Left unanswered, however, was the key, troubling fact one heard repeatedly during the two days of meetings – the half-a- billion young people in Africa who will want work, incomes and real access to the continent’s economies and polities in less than a generation, coupled with the fact that the continent is not – not yet, at least – generating anywhere near the number of jobs needed for such a clamouring crowd. This enormous number of young, impatient, would-be participants in the continent’s and the global economy can be the motor driving the continent’s growth, if governments can design and carry out pro-growth, pro-employment, honest and effective governments and economies that embrace foreign investment. Or – it can be the continent’s very own version of the Arab Spring.
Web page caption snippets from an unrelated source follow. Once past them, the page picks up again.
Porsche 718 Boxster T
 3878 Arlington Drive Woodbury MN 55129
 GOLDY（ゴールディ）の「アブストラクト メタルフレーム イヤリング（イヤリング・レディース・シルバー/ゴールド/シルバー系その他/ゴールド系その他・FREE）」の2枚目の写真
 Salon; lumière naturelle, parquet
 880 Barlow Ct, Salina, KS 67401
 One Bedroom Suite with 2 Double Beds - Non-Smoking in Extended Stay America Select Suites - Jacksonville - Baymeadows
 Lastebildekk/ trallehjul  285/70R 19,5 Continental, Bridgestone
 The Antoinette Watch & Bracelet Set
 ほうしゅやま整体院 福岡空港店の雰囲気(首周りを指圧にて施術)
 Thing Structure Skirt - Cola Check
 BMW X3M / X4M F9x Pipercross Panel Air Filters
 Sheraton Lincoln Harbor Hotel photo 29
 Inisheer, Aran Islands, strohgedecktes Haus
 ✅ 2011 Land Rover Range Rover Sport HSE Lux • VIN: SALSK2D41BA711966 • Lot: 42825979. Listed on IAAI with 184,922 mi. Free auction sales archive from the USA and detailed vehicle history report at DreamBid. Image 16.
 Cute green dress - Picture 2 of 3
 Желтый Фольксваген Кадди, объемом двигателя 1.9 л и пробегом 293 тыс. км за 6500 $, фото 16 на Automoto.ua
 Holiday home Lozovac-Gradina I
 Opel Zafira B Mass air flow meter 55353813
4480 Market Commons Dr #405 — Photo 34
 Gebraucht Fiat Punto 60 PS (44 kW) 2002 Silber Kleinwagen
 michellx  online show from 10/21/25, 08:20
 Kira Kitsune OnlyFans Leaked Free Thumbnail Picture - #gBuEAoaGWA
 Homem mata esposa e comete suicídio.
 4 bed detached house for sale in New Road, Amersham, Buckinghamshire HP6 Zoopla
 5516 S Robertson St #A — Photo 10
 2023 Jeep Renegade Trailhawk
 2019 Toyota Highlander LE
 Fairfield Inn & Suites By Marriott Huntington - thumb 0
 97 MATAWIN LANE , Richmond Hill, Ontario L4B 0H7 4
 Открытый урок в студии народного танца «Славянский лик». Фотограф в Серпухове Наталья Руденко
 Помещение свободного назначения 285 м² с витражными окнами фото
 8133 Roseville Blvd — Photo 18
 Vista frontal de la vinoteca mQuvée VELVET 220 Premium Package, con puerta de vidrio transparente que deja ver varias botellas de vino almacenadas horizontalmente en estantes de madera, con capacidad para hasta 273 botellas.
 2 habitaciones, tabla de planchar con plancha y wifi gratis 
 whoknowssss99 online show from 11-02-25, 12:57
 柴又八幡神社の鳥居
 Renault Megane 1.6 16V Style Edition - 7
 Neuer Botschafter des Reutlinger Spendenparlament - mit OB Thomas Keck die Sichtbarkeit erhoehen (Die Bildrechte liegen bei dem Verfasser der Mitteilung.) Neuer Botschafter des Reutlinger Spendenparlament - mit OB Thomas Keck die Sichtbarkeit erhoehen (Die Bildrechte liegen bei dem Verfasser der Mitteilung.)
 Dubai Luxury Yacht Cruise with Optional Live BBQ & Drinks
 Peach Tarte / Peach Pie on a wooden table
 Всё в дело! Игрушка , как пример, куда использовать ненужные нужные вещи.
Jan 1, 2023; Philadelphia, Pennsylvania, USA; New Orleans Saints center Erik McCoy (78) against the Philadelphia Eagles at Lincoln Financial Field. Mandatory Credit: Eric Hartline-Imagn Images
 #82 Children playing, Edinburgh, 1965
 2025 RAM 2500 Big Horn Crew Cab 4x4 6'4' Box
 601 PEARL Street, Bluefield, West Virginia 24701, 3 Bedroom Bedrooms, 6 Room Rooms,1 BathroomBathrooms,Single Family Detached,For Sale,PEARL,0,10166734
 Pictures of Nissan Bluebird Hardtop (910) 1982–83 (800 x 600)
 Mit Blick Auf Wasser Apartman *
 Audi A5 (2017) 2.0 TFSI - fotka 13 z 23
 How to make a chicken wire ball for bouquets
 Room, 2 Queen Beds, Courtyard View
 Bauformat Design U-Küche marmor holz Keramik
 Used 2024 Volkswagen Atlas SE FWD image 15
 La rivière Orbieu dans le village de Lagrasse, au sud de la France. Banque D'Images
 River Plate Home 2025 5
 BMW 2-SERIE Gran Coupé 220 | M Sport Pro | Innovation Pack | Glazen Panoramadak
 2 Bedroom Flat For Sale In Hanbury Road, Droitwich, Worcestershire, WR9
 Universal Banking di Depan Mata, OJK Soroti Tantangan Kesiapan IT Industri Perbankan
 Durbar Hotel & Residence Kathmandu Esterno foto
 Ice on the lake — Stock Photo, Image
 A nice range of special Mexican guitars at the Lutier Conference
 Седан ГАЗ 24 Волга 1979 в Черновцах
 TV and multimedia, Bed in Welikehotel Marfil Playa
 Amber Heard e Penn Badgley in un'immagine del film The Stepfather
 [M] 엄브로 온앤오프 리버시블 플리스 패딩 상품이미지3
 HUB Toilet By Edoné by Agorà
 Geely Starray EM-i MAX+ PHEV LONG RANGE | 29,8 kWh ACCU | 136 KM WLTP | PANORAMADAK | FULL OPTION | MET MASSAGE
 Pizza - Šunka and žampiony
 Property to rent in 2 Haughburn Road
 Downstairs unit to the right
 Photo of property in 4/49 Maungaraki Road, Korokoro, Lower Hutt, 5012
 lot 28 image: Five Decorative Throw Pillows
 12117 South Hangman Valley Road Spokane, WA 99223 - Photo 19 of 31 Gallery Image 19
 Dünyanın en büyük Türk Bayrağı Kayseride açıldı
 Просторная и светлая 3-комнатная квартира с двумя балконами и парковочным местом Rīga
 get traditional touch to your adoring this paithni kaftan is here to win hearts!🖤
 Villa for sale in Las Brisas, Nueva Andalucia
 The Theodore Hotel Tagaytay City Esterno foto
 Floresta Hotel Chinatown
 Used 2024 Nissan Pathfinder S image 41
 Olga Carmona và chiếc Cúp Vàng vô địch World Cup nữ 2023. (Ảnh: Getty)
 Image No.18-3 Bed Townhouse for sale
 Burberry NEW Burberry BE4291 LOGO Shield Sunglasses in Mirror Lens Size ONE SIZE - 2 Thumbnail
At the final session, South Africa-based China expert Martyn Davies offered an actual development strategy, noting that as Chinese shucks off more and more of the lower end manufacturing jobs in the country in the coming years; rather than letting countries like Burma, Bangladesh and Sri Lanka capture them, if Africa could only manage to grab 10% of these jobs, this would generate a manufacturing revolution on this continent. And, in the process, it would be at least a partial answer to that challenge of the multitude of new urban Africans and all those young people coming forward in the next few years.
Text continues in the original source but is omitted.